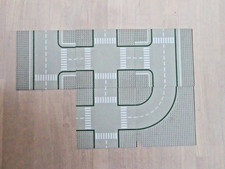 Fünf (5) Lego Grundplatten Strassenplatte 32 x 32  grau Vintage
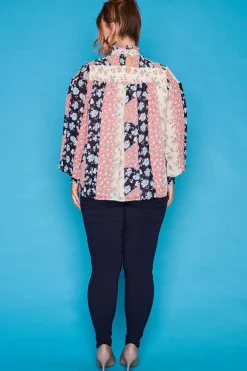 Lorraine Designs Tops*Trissa Peach Floral Top
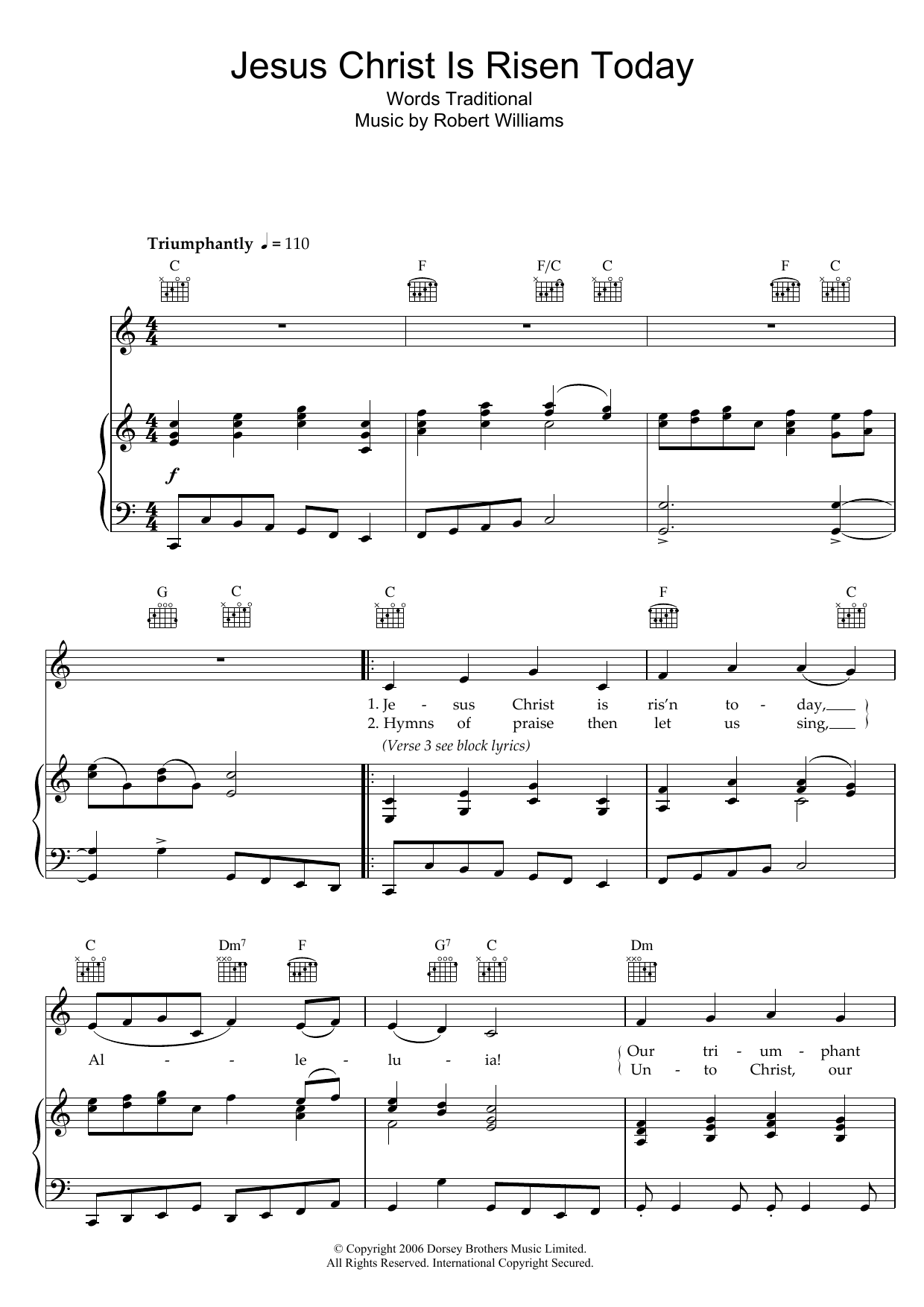 Learn to play Traditional Jesus Christ Is Risen Today sheet music for Piano, Vocal & Guitar Chords in minutes. Price: 7.8900$ Traditional Jesus Christ Is Risen Today sheet music notes and chords arranged for Piano, Vocal & Guitar Chords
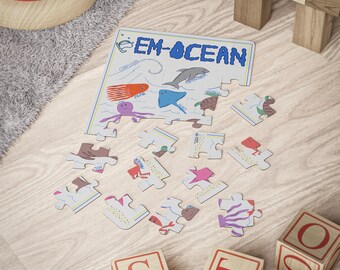 EM-OCEAN (Emotion) Full Collection Kids' Puzzle, 30-Piece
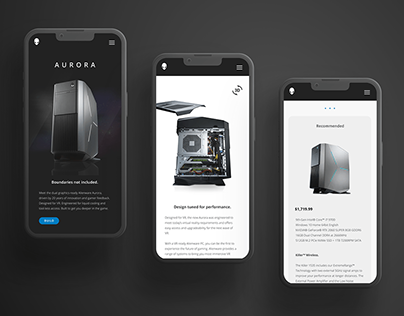 Alienware Aurora Landing Page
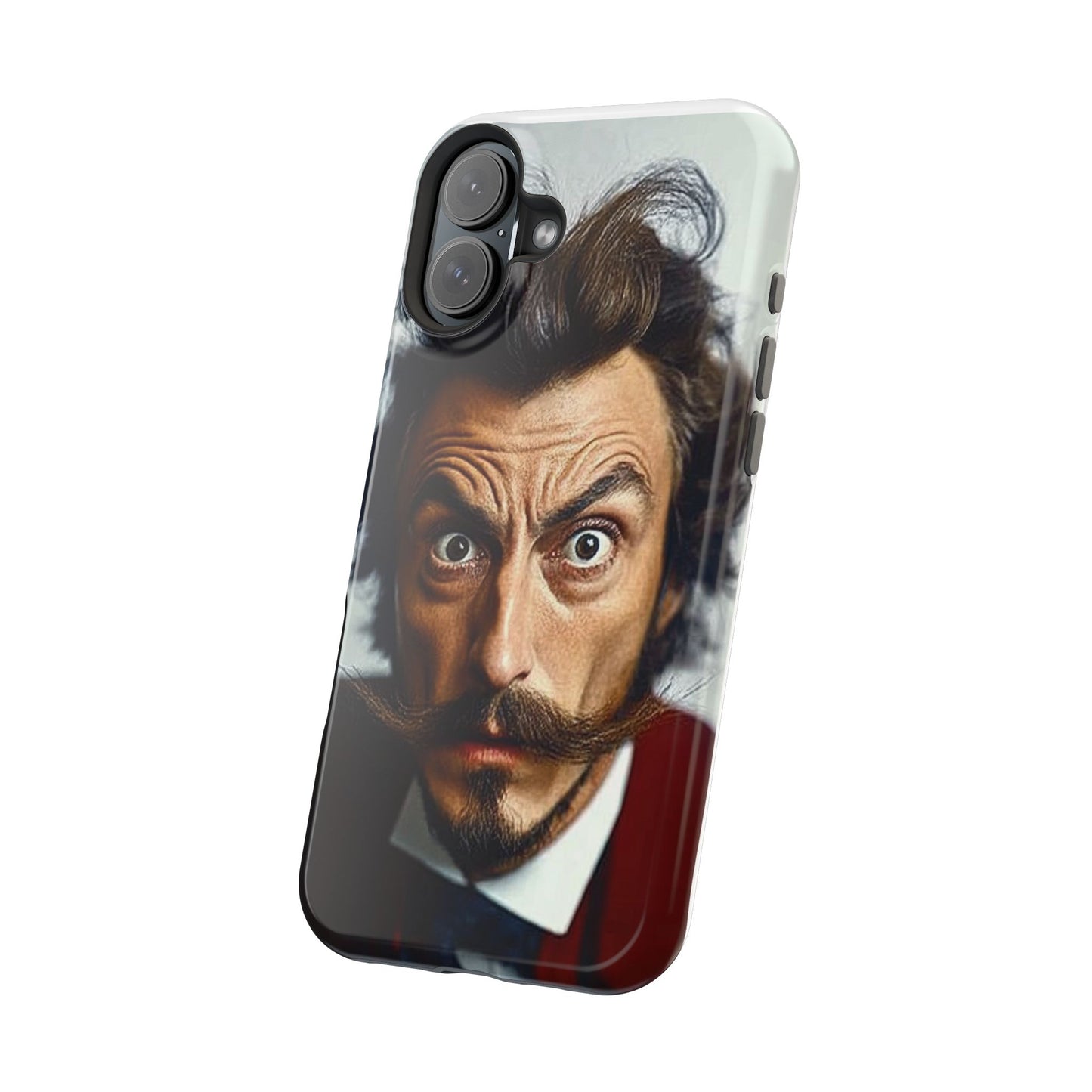 Luxurious Magnetic Wireless Charging Tough iPhone Case - “Close-Up Salvador Dali” by Moxie-Jay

━━━━

**WHAT THE EXERCISE ASKS**. Return the lines of the data above in full and exactly, with no pictures.

**ANSWER**.
 Fünf (5) Lego Grundplatten Strassenplatte 32 x 32  grau Vintage
 Lorraine Designs Tops*Trissa Peach Floral Top
 Learn to play Traditional Jesus Christ Is Risen Today sheet music for Piano, Vocal & Guitar Chords in minutes. Price: 7.8900$ Traditional Jesus Christ Is Risen Today sheet music notes and chords arranged for Piano, Vocal & Guitar Chords
 EM-OCEAN (Emotion) Full Collection Kids' Puzzle, 30-Piece
 Alienware Aurora Landing Page
 Luxurious Magnetic Wireless Charging Tough iPhone Case - “Close-Up Salvador Dali” by Moxie-Jay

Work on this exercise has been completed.